Abstract:Expert-layman text style transfer technologies have the potential to improve communication between members of scientific communities and the general public. High-quality information produced by experts is often filled with difficult jargon laypeople struggle to understand. This is a particularly notable issue in the medical domain, where layman are often confused by medical text online. At present, two bottlenecks interfere with the goal of building high-quality medical expert-layman style transfer systems: a dearth of pretrained medical-domain language models spanning both expert and layman terminologies and a lack of parallel corpora for training the transfer task itself. To mitigate the first issue, we propose a novel language model (LM) pretraining task, Knowledge Base Assimilation, to synthesize pretraining data from the edges of a graph of expert- and layman-style medical terminology terms into an LM during self-supervised learning.
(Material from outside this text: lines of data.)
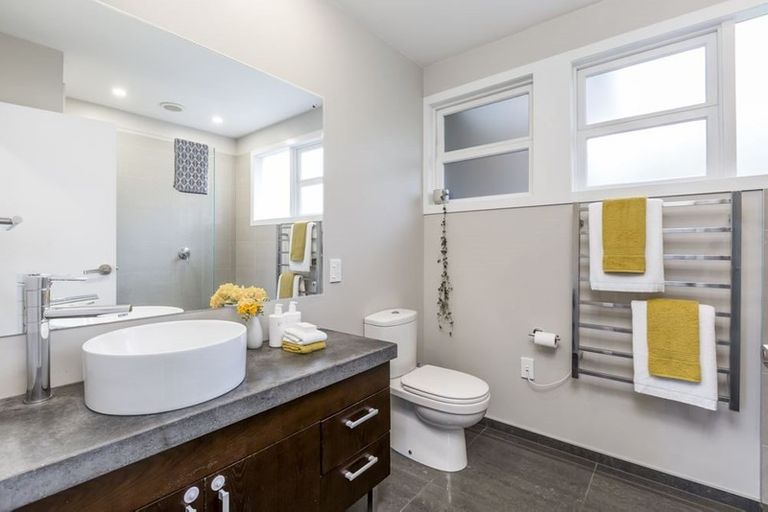 Photo of property in 681 East Coast Road, Browns Bay, Auckland, 0630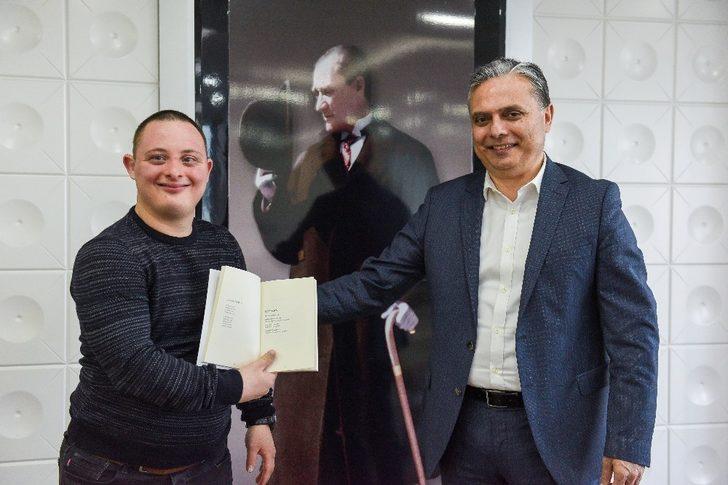 Down sendromlu yazar kitabını Uysal için imzaladı G2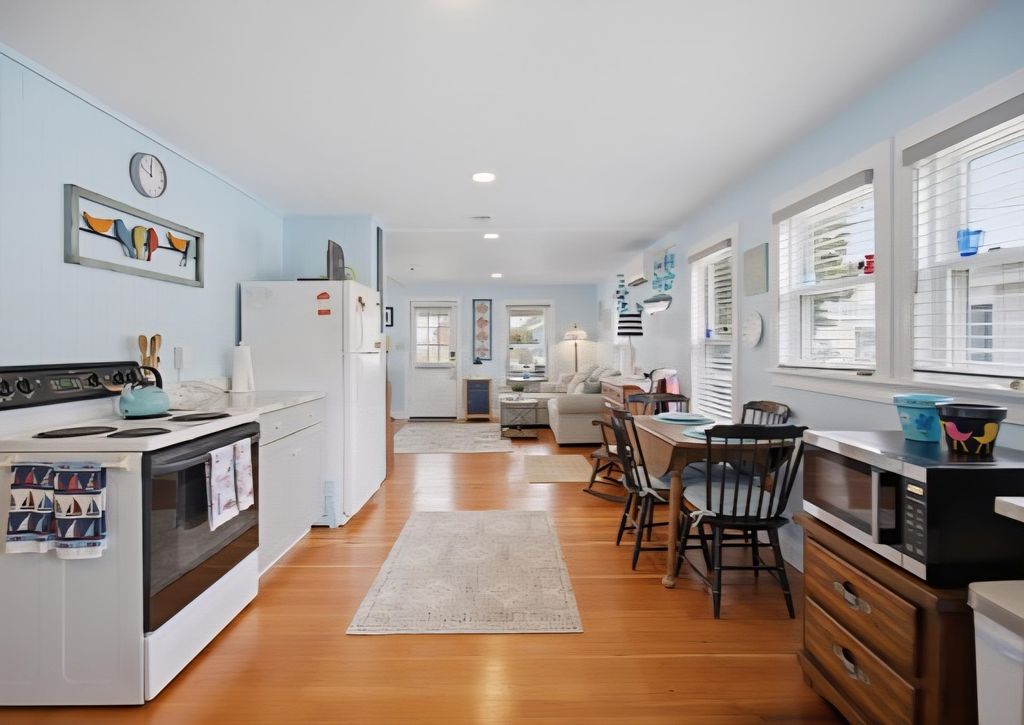 Image 17 of property listing at 51 Highland Avenue, Hampton, NH 03842
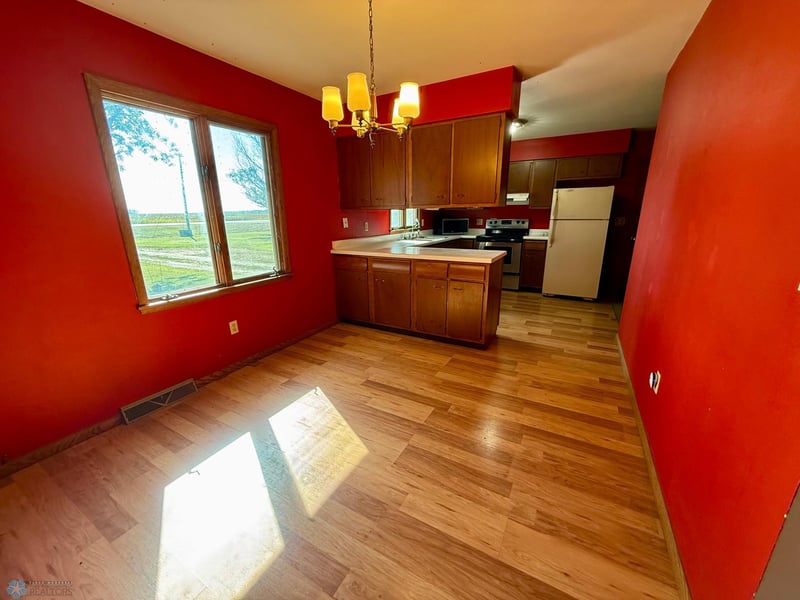 7258 160th Ave S, Sabin, MN 56580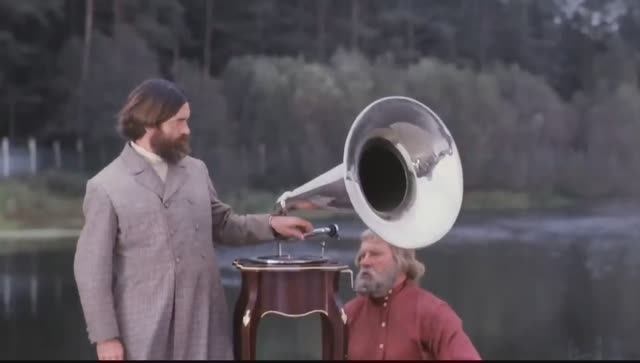 Leonard Cohen - Dance Me To The End Of Love(клип)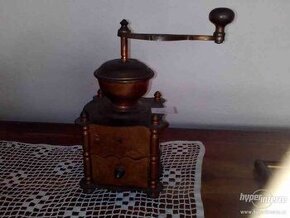 krásný mosazný mlýnek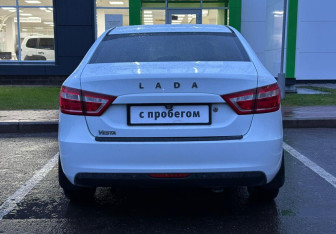 Подержанный автомобиль LADA (ВАЗ) Vesta Sedan 2016 года (6 фото)
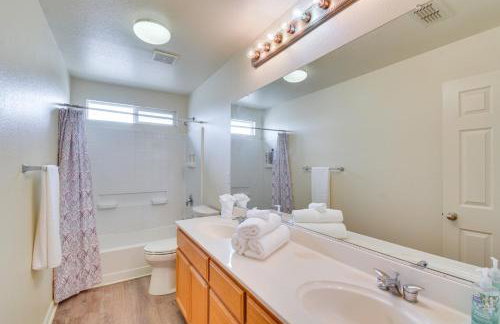 7 Mi to Lake Yosemite Family Home with Fenced Yard - Foto 19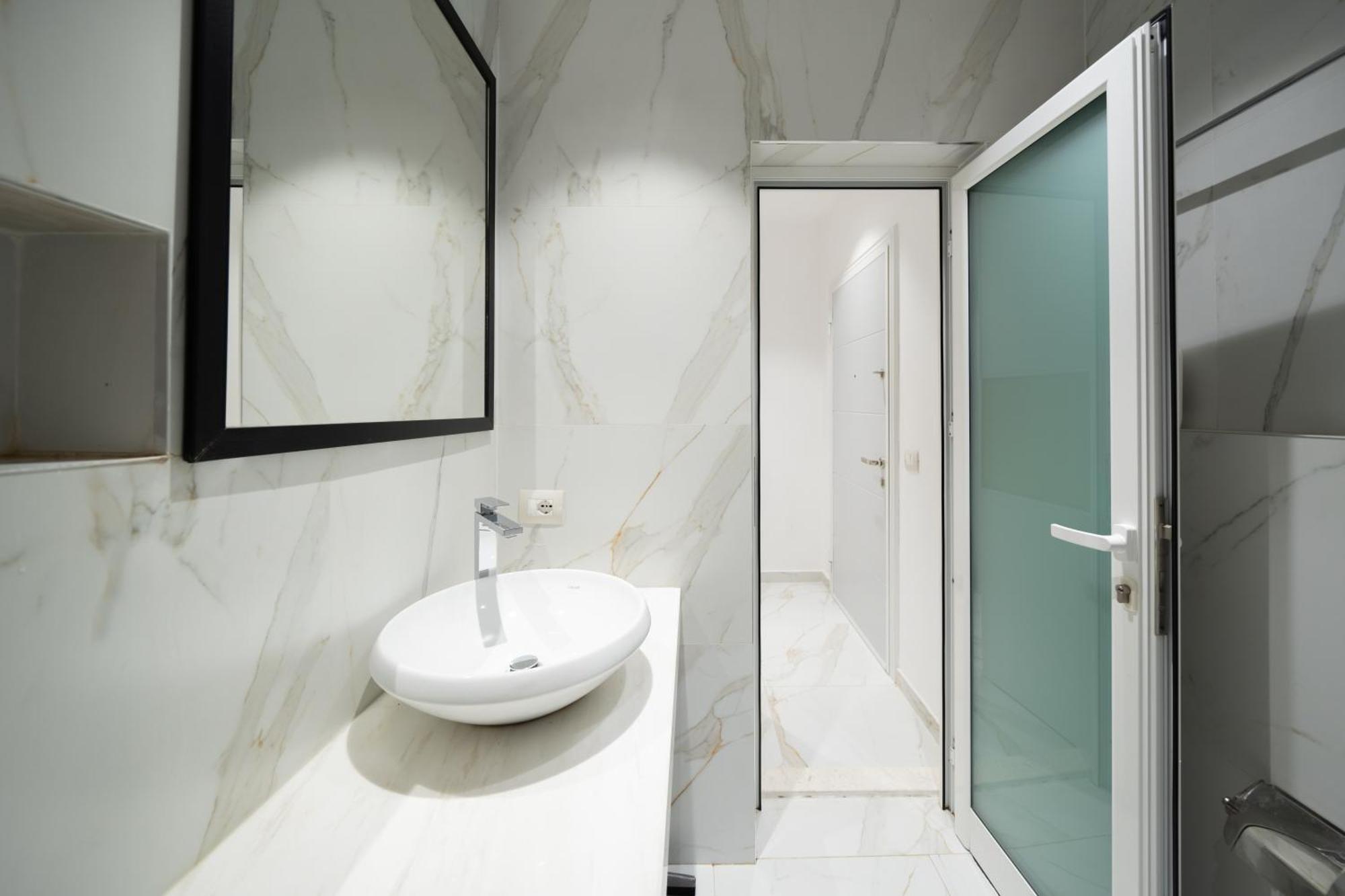 Cosy Urban Central Apartment Tiranë Ngoại thất bức ảnh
To mitigate the second issue, we build a large-scale parallel corpus in the medical expert-layman domain using a margin-based criterion. Our experiments show that transformer-based models pretrained on knowledge base assimilation and other well-established pretraining tasks fine-tuning on our new parallel corpus leads to considerable improvement against expert-layman transfer benchmarks, gaining an average relative improvement of our human evaluation, the Overall Success Rate (OSR), by 106%.